Harish dug up a thread and found loads of discontent amongst his neighbours. He
shoots an email to the list seeking updates.
He spawns a new tab, browses to the Election
Commission Web Site and clicks on the ‘Government Report Card’ link. He sees the
promise of launching metro rail services in his city – the current status shows
a Bhramit Pradesh Metro Corporation (BPMC) coming into existence. That was four
years back. He sees all deadlines of the project missed.

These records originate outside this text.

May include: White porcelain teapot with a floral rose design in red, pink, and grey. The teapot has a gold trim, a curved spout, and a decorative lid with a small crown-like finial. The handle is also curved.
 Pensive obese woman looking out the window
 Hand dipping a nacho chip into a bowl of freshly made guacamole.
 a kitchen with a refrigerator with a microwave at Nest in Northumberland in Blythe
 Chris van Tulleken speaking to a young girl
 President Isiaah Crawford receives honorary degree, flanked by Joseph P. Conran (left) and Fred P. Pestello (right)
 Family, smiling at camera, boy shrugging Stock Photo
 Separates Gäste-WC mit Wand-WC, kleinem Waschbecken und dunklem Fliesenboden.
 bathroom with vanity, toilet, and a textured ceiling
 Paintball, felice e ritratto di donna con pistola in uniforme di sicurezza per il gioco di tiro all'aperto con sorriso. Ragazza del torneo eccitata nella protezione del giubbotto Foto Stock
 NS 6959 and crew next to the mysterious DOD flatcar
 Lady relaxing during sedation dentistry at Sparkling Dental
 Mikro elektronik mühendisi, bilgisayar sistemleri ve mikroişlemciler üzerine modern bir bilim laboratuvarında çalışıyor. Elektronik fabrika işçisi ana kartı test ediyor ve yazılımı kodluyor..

He wonders if it is a good idea to repeat his ballot
in favour of IBP in the elections next month.
Over the past
two decades, India
has made good use of its growing command on IT. In fact, IT has single-handedly
triggered the growth of global centers like Bangalore
and Hyderabad .
IT has also had some impact on governments, local civic bodies and their
interactions with citizens. However, there is still much to be desired in this
space.
The
application of IT in any field necessarily enforces objectivity. Terms like
‘large amounts’ or ‘highly skilled’ stop making sense. Further, Open Source
models like Apache have demonstrated how volunteers can collaborate on shared
objectives with high levels of transparency. Today, under circumstances when increasingly
higher levels of governance transparency are in demand, IT offers innovative
possibilities of enforcing government accountability by tracking government
performance through ‘e-Report Cards’ and measuring adherence to its promises.
This kind
of tracking can be on an E2E (‘Election-to-Election’) basis, wherein the
tracking begins right from election campaigns including information on election
code violations, candidates with criminal records, net-worth and profile
declarations of individual candidates etc.
During
this phase, a huge leap would be the creation of ‘e-Manifestos’. E-Manifestos,
unlike ‘Human-Manifestos’, would be purely objective with measurable parameters
to determine the success of the government tenure. Manifestos may be surveyed
and a global ontology developed that can accommodate all government work areas.
Such non-normative classifications exist in manifestos even today.
An ‘e-Manifesto’
brings about the feasibility of tracking government performance on an ongoing
basis. This implies – government performance could be measured by something
similar to Report Cards. Integration of this system with existing Government
Systems under the NeGP initiative could enable it to pull relevant information
from diverse systems automatically.
This same
platform could also be a means of citizen collaboration. Numbers bring power
and there is no better way for information to flow through than the Internet.
‘Citizen-Collaboration Mailing Lists’ for such communication could enable
citizens to participate constructively – share information and ideas between
themselves or with government bodies. This could serve as a perpetual feedback
for elected representatives.
Leveraging
an awakened citizen base, a social collaboration between the government and
philanthropic private sector could bring about path breaking e-Democracies.
Governance will no longer be the same.
June 12, 2025, Bhramit Pradesh: The
all-citizens-Bhramit-Pradesh list looks quite disillusioned with the
government. Harish did his bit in reminding the citizens of promises unmet. Having
cast his vote on the Internet, he joins his friends to conduct a Web-Conference
based training session to educate his neighbourhood of ‘e-Ballot’. From Pericles
in 5th century BC to the 21st century AD – democracy has
journeyed a great deal. Exciting times indeed!